Home / Pig Tutorial / Pig – Practical

Pig – Practical:

First we need to start all the Hadoop and yarn daemons by using ‘start-dfs.sh’ and ‘start-yarn.sh’ in the Hadoop cluster. We need to check whether all the daemons are running or not using ‘JPS’ option.

We need to start another daemon called ‘JobHistoryServer’ in pig which is used to Keep track of Map-Reduce jobs.

hdadmin@ubuntu:~$ cd hadoop-2.5.0-cdh5.3.2/

hdadmin@ubuntu:~/hadoop-2.5.0-cdh5.3.2$ sbin/mr-jobhistory-daemon.sh start historyserver

starting historyserver, logging to /home/hdadmin/hadoop-2.5.0-cdh5.3.2/logs/mapred-hdadmin-historyserver-ubuntu.out


hdadmin@ubuntu:~/hadoop-2.5.0-cdh5.3.2$ jps

3811 ResourceManager

3957 NodeManager

3030 NameNode

4359 Jps

4329 JobHistoryServer

3308 SecondaryNameNode

3150 DataNode

Now we have all the daemons up and running.

Next we need to start the ‘grunt’ shell.

hdadmin@ubuntu:~$ cd pig-0.12.0-cdh5.3.2/

hdadmin@ubuntu:~/pig-0.12.0-cdh5.3.2$ bin/pig


2017-12-03 04:33:56,085 [main] INFO  org.apache.pig.Main - Apache Pig version 0.12.0-cdh5.3.2 (rexported) compiled Feb 24 2015, 12:58:37

2017-12-03 04:33:56,087 [main] INFO  org.apache.pig.Main - Logging error messages to: /home/hdadmin/pig-0.12.0-cdh5.3.2/pig_1512304436078.log

2017-12-03 04:33:56,278 [main] INFO  org.apache.pig.impl.util.Utils - Default bootup file /home/hdadmin/.pigbootup not found

2017-12-03 04:33:57,364 [main] INFO  org.apache.hadoop.conf.Configuration.deprecation - mapred.job.tracker is deprecated. Instead, use mapreduce.jobtracker.address

2017-12-03 04:33:57,374 [main] INFO  org.apache.hadoop.conf.Configuration.deprecation - fs.default.name is deprecated. Instead, use fs.defaultFS

2017-12-03 04:33:57,374 [main] INFO  org.apache.pig.backend.hadoop.executionengine.HExecutionEngine - Connecting to hadoop file system at: hdfs://localhost:9000

2017-12-03 04:33:58,334 [main] WARN  org.apache.hadoop.util.NativeCodeLoader - Unable to load native-hadoop library for your platform... using builtin-java classes where applicable

2017-12-03 04:34:00,026 [main] INFO  org.apache.hadoop.conf.Configuration.deprecation - fs.default.name is deprecated. Instead, use fs.defaultFS

grunt>

We can use help command in Pig as,

hdadmin@ubuntu:~/pig-0.12.0-cdh5.3.2$ bin/pig -help



Apache Pig version 0.12.0-cdh5.3.2 (rexported)

compiled Feb 24 2015, 12:58:37


USAGE: Pig [options] [-] : Run interactively in grunt shell.

            Pig [options] -e[xecute] cmd [cmd ...] : Run cmd(s).

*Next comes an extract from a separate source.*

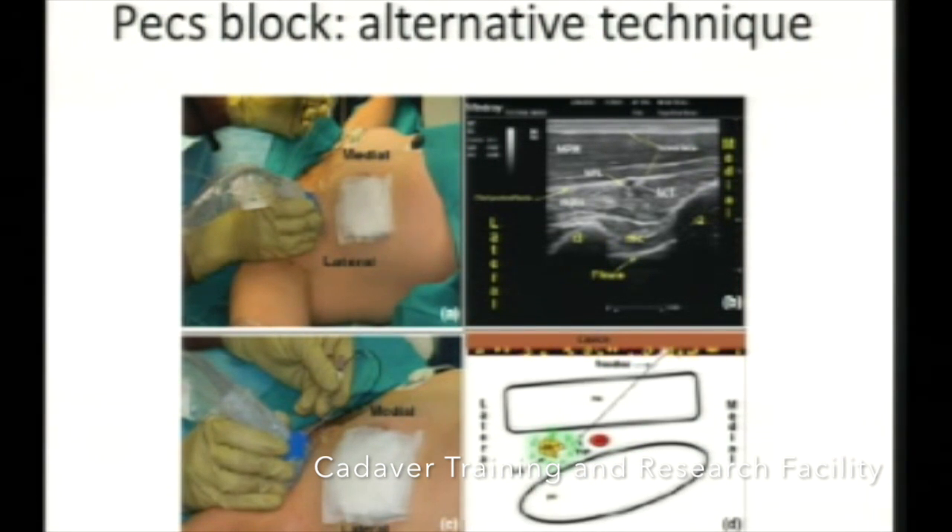There is another technique, an alternative to the one described by Robert Blanco, described by Fajardo Perez. He places the transducer just below the medial one-third of the clavicle. You can see all the muscles, rib shadows, pleura, and intercostal space. This block is very simple — you can see pectoralis major, minor, serratus anterior, intercostal and external intercostal muscle, then pleura. He inserts the needle from medial to lateral, making it simple and safe to perform.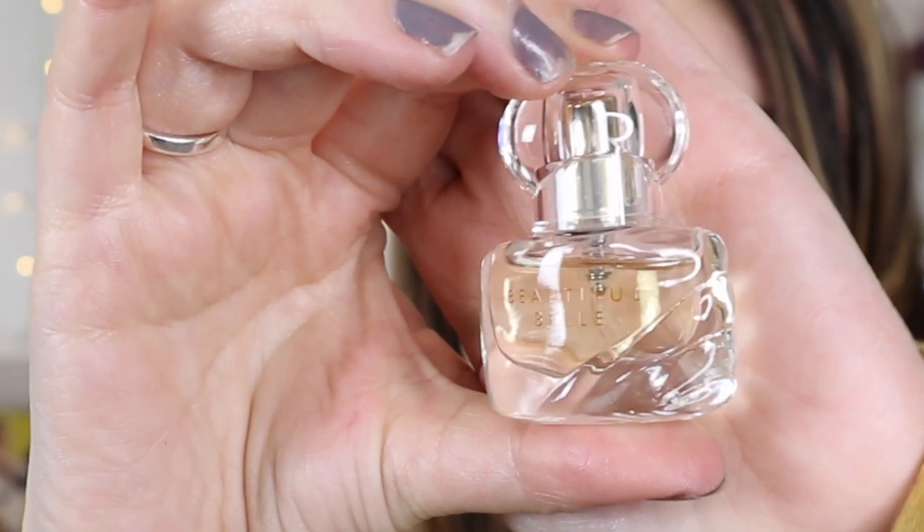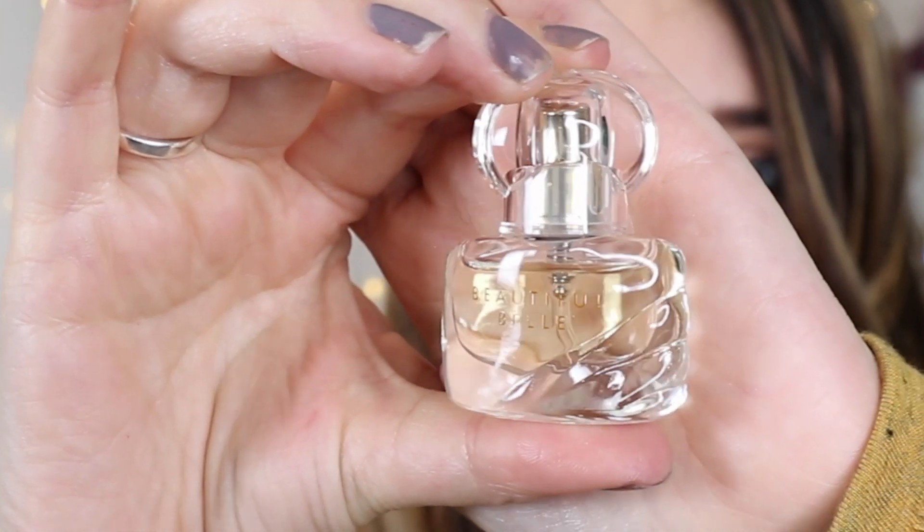We have a perfume and this is Beautiful Belle by Estee Lauder — isn't that the cutest bottle ever? So that one smells very sweet. It's definitely got some apple notes in it and a strong jasmine after-scent, so if you like jasmine you're gonna love this. I really like it, it smells gorgeous. It's kind of a fragrance you could wear every day or save for a special occasion.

            Pig [options] [-f[ile]] file : Run cmds found in file.

 options include:

            -4, -log4jconf - Log4j configuration file, overrides log conf

            -b, -brief - Brief logging (no timestamps)

            -c, -check - Syntax check

            -d, -debug - Debug level, INFO is default

            -e, -execute - Commands to execute (within quotes)

            -f, -file - Path to the script to execute

            -g, -embedded - ScriptEngine classname or keyword for the ScriptEngine

            -h, -help - Display this message. You can specify topic to get help for that topic.

            properties is the only topic currently supported: -h properties.

            -i, -version - Display version information

            -l, -logfile - Path to client side log file; default is current working directory.

            -m, -param_file - Path to the parameter file

            -p, -param - Key value pair of the form param=val

            -r, -dryrun - Produces script with substituted parameters. Script is not executed.

            -t, -optimizer_off - Turn optimizations off. The following values are supported:

            SplitFilter - Split filter conditions

            PushUpFilter - Filter as early as possible

            MergeFilter - Merge filter conditions

            PushDownForeachFlatten - Join or explode as late as possible

            LimitOptimizer - Limit as early as possible

            ColumnMapKeyPrune - Remove unused data

            AddForEach - Add ForEach to remove unneeded columns

            MergeForEach - Merge adjacent ForEach

            GroupByConstParallelSetter - Force parallel 1 for "group all" statement

            All - Disable all optimizations

            All optimizations listed here are enabled by default. Optimization values are case insensitive.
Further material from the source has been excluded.